Donald Trump has the best opportunity of any President to create a judiciary that follows the Constitution as written. First, he comes into office with almost 100 vacancies on the lower federal courts in addition to the Supreme Court. Second, thanks to the Senate Democrats’ decision to get rid of the filibuster for confirmation of lower court judges, he has a much freer hand than past Presidents to appoint judges of his choosing without succumbing to the obstruction of the opposition party.
Third, the conservative legal movement has never been as strong. By strong I do not mean just strong in numbers, although it is certainly true that there are more plausible conservative judicial candidates than ever before. But true strength is measured in the depth and breadth of its ideas. When Ronald Reagan came to office in 1980, the conservative legal movement was more defined by what it was against—Warren Court judicial activism—than what it was for. And its ideas were, to put it charitably, insufficiently theorized. Few scholars had provided full justifications for enforcing the Constitution as written. Nor had many scholars done much work uncovering the original meaning of particular provisions of the Constitution.

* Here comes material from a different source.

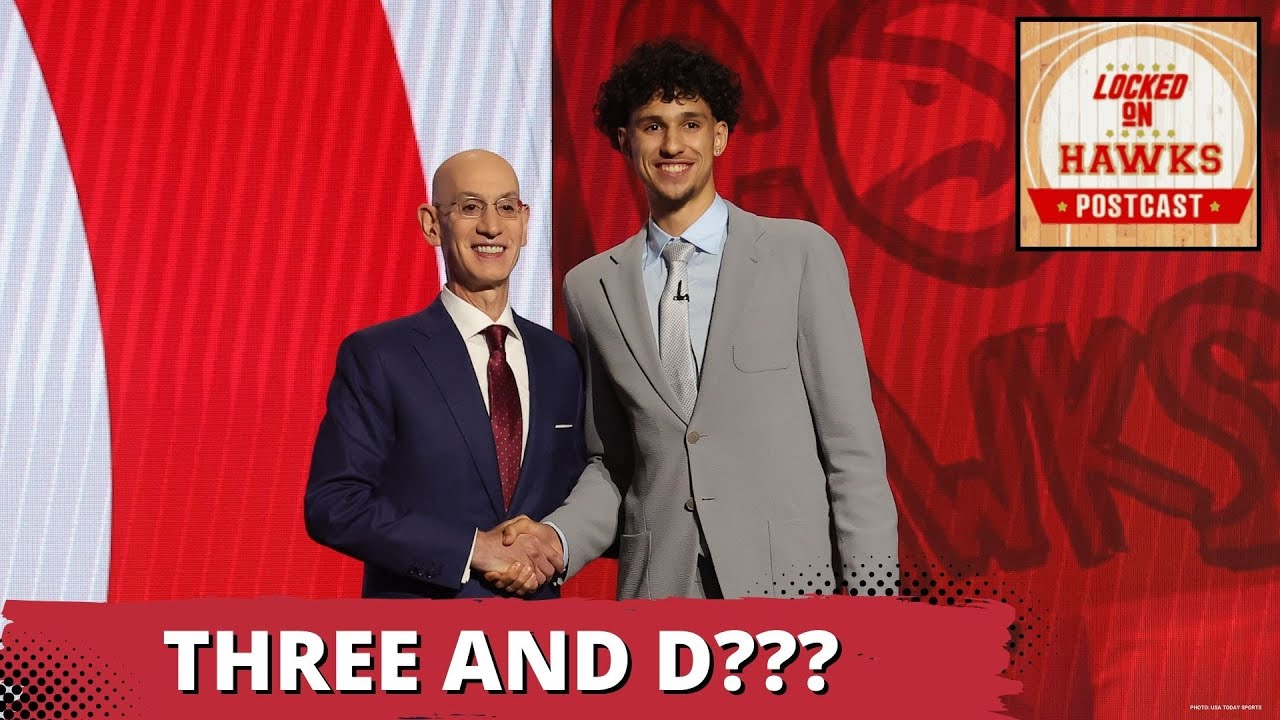 The Atlanta Hawks select Zaccharie Risacher with the number one overall pick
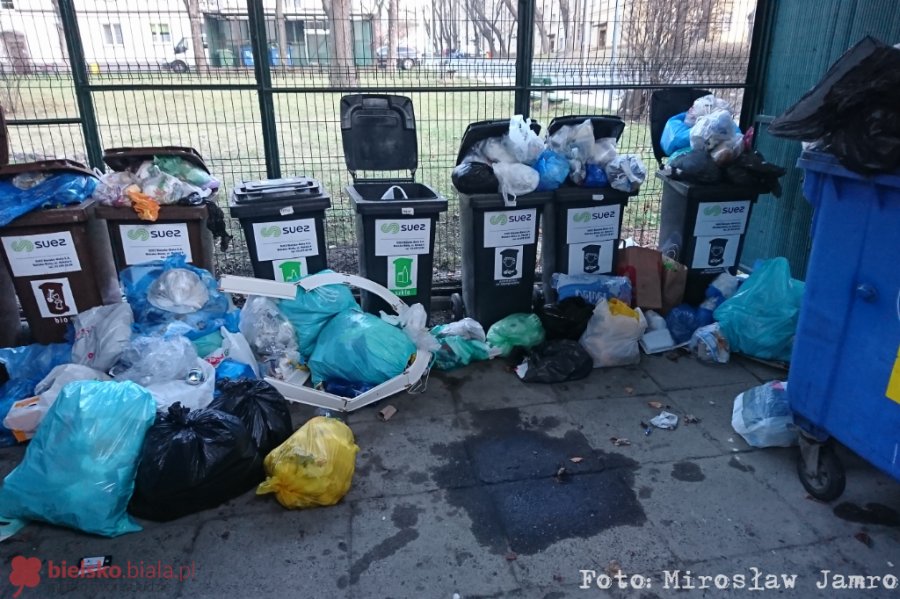 Nieodebrane śmieci zalegają na śmietnikach! Kubły są przepełnione - foto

What a difference a third of a century makes! Because of academic specialization, different experts steeped in the history of the relevant area have looked in detail at the original meaning of the Constitution of 1789 and of the Reconstruction Amendments. Others have considered the meaning of the Constitution with particular expertise in areas such as foreign affairs or criminal law. And thanks to the Federalist Society, there is conservative counterculture that provides a transmission belt of these ideas to judges.
Even as there has never been a greater opportunity to reshape the judiciary, it has never been more imperative. The mainstream legal culture runs ever more swiftly left. As a result, that current is likely to sweep along judges who are not anchored on the right. Justices David Souter and Harry Blackmun are famous examples, but many lower court Republican judges have drifted as well.
Thus, if the Trump administration is to remake the judiciary it must choose candidates from the conservative legal counterculture rather than rely on successful lawyers of Republican leanings who happen to know a Senator. Legal academics are often the best bet. Their academic paper trail can no longer trigger a Democratic filibuster but their past commitments provide the best guarantee of future fidelity. And there is no doubt that academics appointed to the circuit courts have been the most influential judges. For instance, Judge Frank Easterbrook of the Seventh Circuit has been cited a standard deviation more than almost any other judge on the federal appeals court. Outstanding practicing lawyers who have been active in the Federalist Society will also bring energy and ideas to the bench.
In Washington, the right substantive choices depend on putting in place a sound political process. And judicial selection is no exception to this rule. But if the President Trump relies on established conservative networks to staff the White House Counsel’s Office and the Office of Legal Policy at the Department, these officials will be able to identify the candidates who will make a difference for decades to come.